Design by and photo courtesy of Cooper Pacific
Instead, designers agree the secret to a well-lit space is an assortment of layered, less-obvious fixtures. Cooper’s goal is to make kitchens feel illuminated as opposed to lit, so he prefers multiple light sources: Recessed downlights with very tight beam spreads, under cabinet LED lighting for task areas, toe kick lighting for floating effects at night, interior cabinet lighting for open shelving or glass fronts, and small sculptural sconces instead of overhead fixtures.
“The best kitchen lighting is usually the lighting you barely notice,” Cooper says. “If people walk into the room and immediately feel calm, comfortable, and drawn to the materials then the lighting has done its job.”
But beware: While a well-lit kitchen is crucial, Cooper says there’s a fine line between bright and, well, too bright. “People think brighter equals better, and they end up with kitchens that feel like operating rooms,” he explains. “A kitchen should have ambient light, task light, and accent light working together.”
If revamping your entire lighting design seems overwhelming—and understandably so—start by focusing on your cabinets. “Soft illumination inside oak or walnut cabinetry turns the cabinetry itself into architecture,” Cooper says.
The rise of layered, integrated lighting might eclipse oversized pendants, but that’s not to say they’re gone for good. Rather, balance is key.
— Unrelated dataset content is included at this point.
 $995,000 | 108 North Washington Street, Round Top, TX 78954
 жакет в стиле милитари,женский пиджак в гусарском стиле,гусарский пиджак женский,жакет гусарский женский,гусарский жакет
Alison Green, another principal designer at Élan Design House, says there’s still a time and a place for these popular pendants.
“If you have a large-scale kitchen with tall ceilings and fun architectural details, a hanging light can be more subtle and architectural to coordinate with that simplicity,” she says. “But you need to be certain it will not be distracting in the room as a whole.”
When a kitchen does call for a larger, overhead pendant, less is more. Cooper generally prefers a single, gargantuan option over a trio of smaller fixtures that hang over a kitchen island. But whether you choose to make a statement or prefer something more understated, consider this to sign to get your shine on.